━━ The records

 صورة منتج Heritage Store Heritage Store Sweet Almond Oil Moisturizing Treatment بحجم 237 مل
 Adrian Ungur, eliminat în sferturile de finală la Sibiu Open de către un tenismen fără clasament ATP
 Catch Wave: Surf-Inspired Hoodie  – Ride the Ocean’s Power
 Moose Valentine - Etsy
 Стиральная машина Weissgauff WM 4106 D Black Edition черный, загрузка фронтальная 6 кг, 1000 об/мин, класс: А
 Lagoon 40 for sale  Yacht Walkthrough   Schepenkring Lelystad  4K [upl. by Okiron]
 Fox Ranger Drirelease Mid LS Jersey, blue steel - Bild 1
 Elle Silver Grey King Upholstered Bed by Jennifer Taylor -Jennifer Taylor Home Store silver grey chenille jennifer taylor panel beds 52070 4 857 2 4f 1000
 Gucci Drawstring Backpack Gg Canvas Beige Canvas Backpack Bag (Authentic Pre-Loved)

━━━━
━━ The records

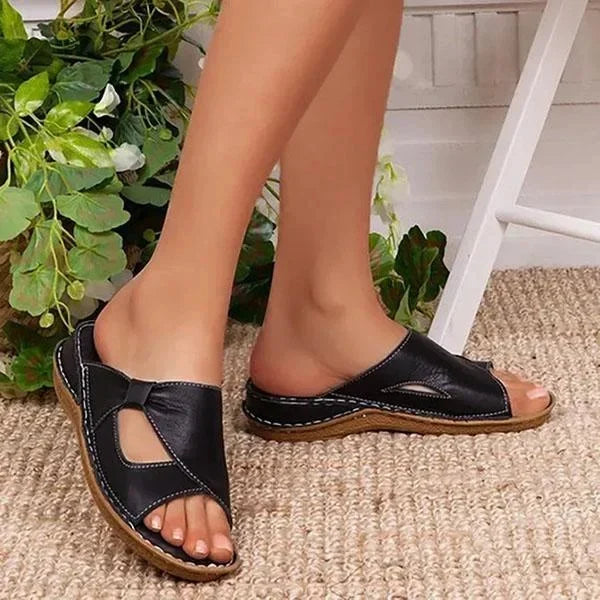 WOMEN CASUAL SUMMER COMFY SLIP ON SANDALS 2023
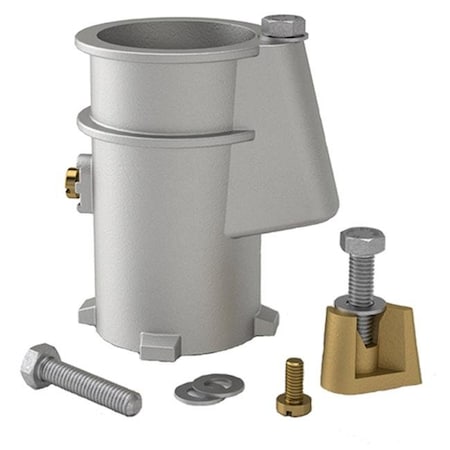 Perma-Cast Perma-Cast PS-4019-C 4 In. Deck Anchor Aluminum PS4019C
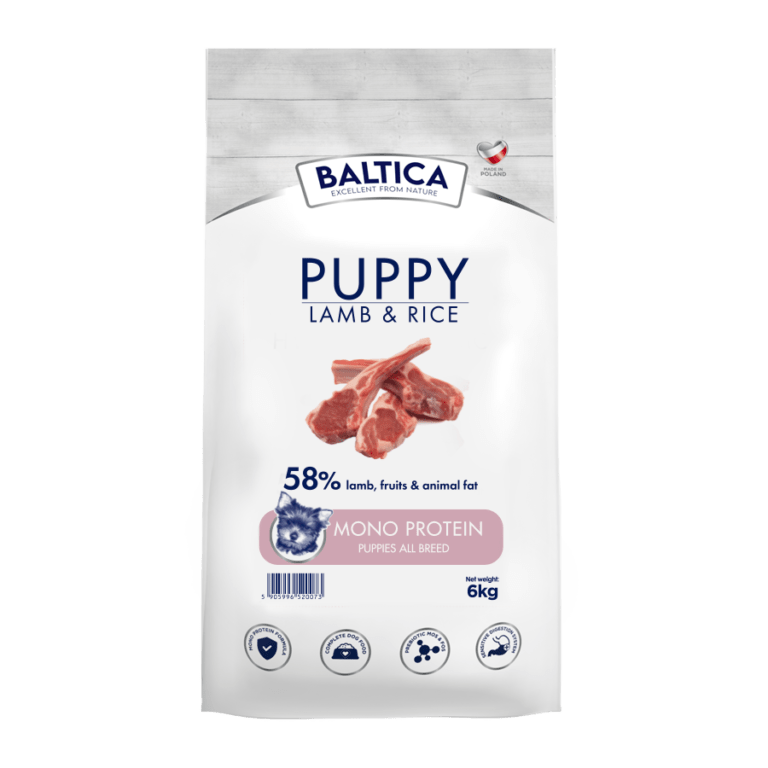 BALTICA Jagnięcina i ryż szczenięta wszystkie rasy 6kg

━━━━

Instructions to follow:
Using the material above, transcribe exactly the lines from the line with "Elle Silver Grey" to the line with "Gucci Drawstring Backpack"; both count, and nothing else goes in.

Response:
 Elle Silver Grey King Upholstered Bed by Jennifer Taylor -Jennifer Taylor Home Store silver grey chenille jennifer taylor panel beds 52070 4 857 2 4f 1000
 Gucci Drawstring Backpack Gg Canvas Beige Canvas Backpack Bag (Authentic Pre-Loved)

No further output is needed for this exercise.